Hoffa’s name has haunted American true-crime history since July 30, 1975, when he vanished outside a Michigan restaurant. Once one of the most powerful labor leaders in the country, Hoffa was forced from the Teamsters after serving time for jury tampering and fraud. He had been pardoned by President Richard Nixon in 1971 on the condition that he steer clear of union activity until 1980. He ignored that, trying to claw back power from rivals with deep mob ties—and disappeared before he could succeed.
Over the decades, the FBI has chased Hoffa’s ghost through New Jersey marshes, Michigan fields, and suburban driveways, never finding a trace. Theories have run wild, including being buried under Giants Stadium, dissolved in acid, or entombed beneath Detroit. The case remains one of the most famous unsolved disappearances in U.S. history.
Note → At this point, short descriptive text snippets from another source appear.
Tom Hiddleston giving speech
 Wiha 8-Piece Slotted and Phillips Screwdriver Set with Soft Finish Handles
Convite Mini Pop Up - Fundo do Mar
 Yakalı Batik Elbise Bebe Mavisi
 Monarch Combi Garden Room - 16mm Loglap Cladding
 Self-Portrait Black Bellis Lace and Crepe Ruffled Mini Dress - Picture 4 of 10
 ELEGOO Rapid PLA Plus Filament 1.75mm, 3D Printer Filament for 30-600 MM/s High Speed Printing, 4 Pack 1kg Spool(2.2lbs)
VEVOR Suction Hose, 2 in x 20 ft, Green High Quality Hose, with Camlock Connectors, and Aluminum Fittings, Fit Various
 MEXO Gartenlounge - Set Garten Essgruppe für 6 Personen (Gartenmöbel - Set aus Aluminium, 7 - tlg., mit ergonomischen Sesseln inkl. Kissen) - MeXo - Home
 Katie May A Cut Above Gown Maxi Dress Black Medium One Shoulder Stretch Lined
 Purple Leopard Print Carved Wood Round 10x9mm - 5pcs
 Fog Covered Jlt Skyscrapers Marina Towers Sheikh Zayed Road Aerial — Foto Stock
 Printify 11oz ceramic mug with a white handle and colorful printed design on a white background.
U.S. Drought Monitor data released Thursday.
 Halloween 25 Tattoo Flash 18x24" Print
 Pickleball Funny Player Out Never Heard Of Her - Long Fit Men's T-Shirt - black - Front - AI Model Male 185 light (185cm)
Patel’s directive fits a pattern inside the bureau. Earlier this month, CNN reported that FBI employees were told to perform a similar search for files tied to the disappearance of aviator Amelia Earhart. In that case, too, the hunt followed a wave of renewed media attention and speculation.

Since the start of the Trump administration, FBI agents have repeatedly been pulled from standard assignments—counterintelligence, violent crime, and immigration enforcement—to handle politically charged priorities. The current Hoffa order adds to that list, alongside past requests involving the release of documents connected to the assassinations of President John F. Kennedy, Sen. Robert F. Kennedy, and the Rev. Martin Luther King Jr.
The FBI was contacted for comment. An automated response stated that the agency’s “operations are directed toward national security, violations of federal law, and essential public safety functions” due to the ongoing government shutdown.